Re: Just goes to prove [timothyamiller]
by vchiu on Sun Jul 27 06:49:27 PDT 2008
>The idea that man is responsible for the change in global temperature is horrible science based on flawed interpretation of climatic data. I won't elaborate any further about the ideas that I already posted in response to Tidester but I will add some comments to some questions I did not address. > We have, over the last 10 to 15 years experienced a period of high sunspot activity - which has ALWAYS resulted in warming on earth. I would welcome a support for both statements. It does not like this looking from this http://en.wikipedia.org/wiki/Image:Sunspot-number.png. Whereas the graphs I previously linked to a clear and unprecedented (over a period of 1000 years) temperature increase. I don't see the increase is happening after the the CO2 output increase. >Because as temperature rises the ocean cannot contain as much dissolved Carbon Dioxide and releases it into the atmosphere You have to factor in the phytoplankton which is also absorbing CO2. The ocean is much more complex than a bottle of carbonated water. Do you have link to studies showing a measurable increase in CO2 rejection from the ocean ? >an increase in atmospheric CO2 would be a good thing . . . it would lead to more fruit and vegetables . . . plants love more CO2. Provided that we stop deforestation. CO2 is a result of a scissors crisis. Man made CO2 output increasing in volumes and CO2 traps such as trees are decreasing in number. The result is pretty obvious Here is a piece of what it could cost. Can't be right, can it ? http://www.sciencedaily.com/releases/2008/07/080723134445.htm >but please get the story straight first. I am working hard on it.

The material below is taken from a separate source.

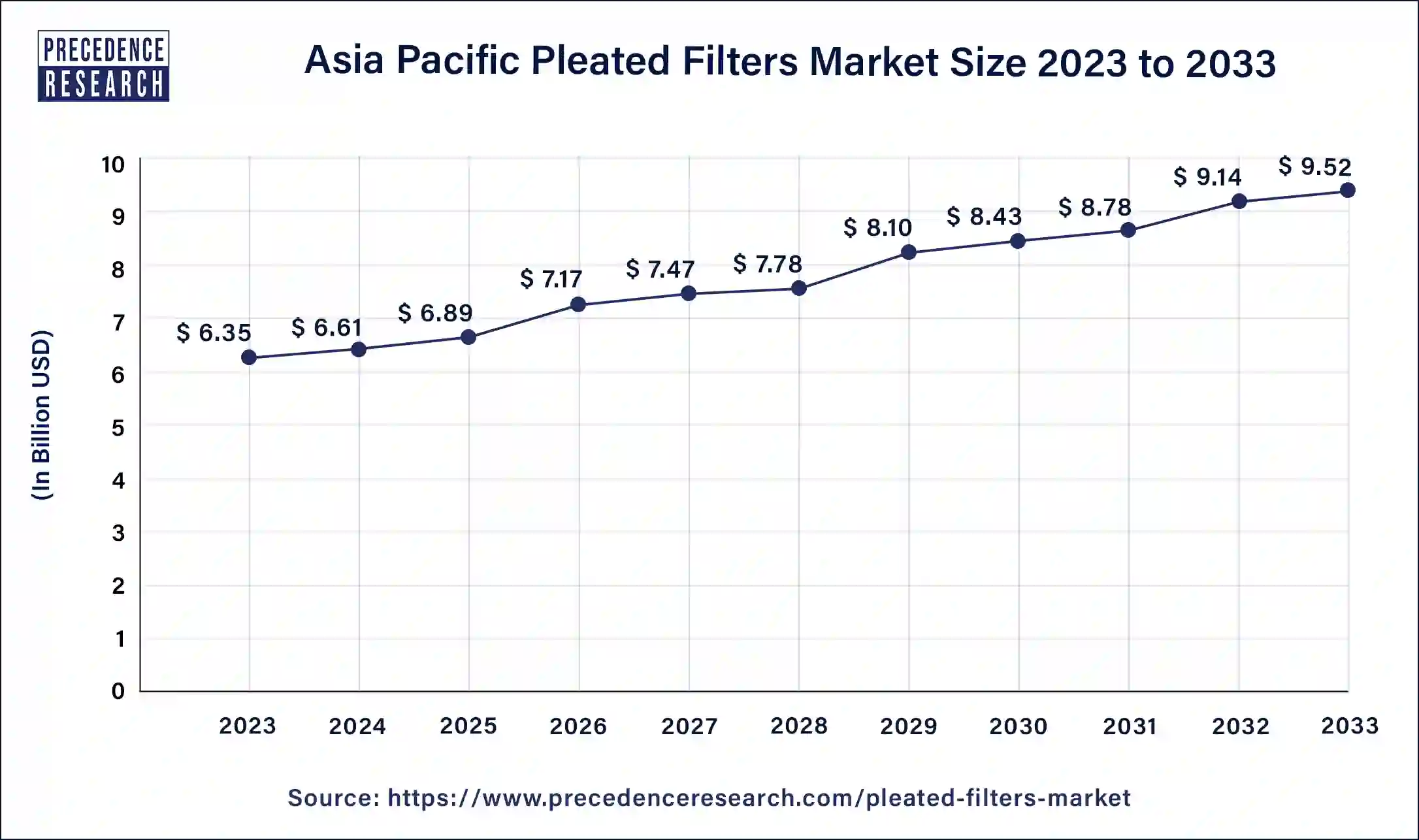 Asia Pacific Pleated Filters Market Size 2024 to 2033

Re: Just goes to prove [vchiu]
by tidester on Fri Jul 25 22:01:11 PDT 2008
That is the key question. Incidentally I did not find any study showing that air vapor increased globally. You probably won't find such a study because you and Kernick are asking the wrong question. It's not the amount of water vapor that matters. You should be focusing on cloud formation. There are (obviously) several factor that affect cloud formation including the usual meteorological suspects but cosmic rays apparently also affect both the formation of clouds and where (elevation) they are formed. That's the link to the Sun. The basic idea is that when the Sun is active (i.e. lots of sunspots) the magnetic field that it projects out into the Solar System is at its strongest. During those periods, the Earth has added protection or shielding from cosmic rays (highly energetic charged particles). When the Sun is "quiet" its magnetic field is weakest and we have less protection. Cosmic rays can trigger condensation in the atmosphere leading to cloud formation (think of those cloud chambers you may have heard about in Phys 101). For most (but not all!) of the 20th century, the Sun has been fairly active implying reduced cosmic ray flux into the atmosphere. Some think this resulted in reduced cloud formation and is what led to the unusual warming over that period. Currently (over the last ten years give or take), the Sun seems to be entering a quiet phase suggesting increased cosmic ray flux and, therefore, more cloud cover. And, perhaps not so coincidentally, the warming trend seems to have been halted over the past decade.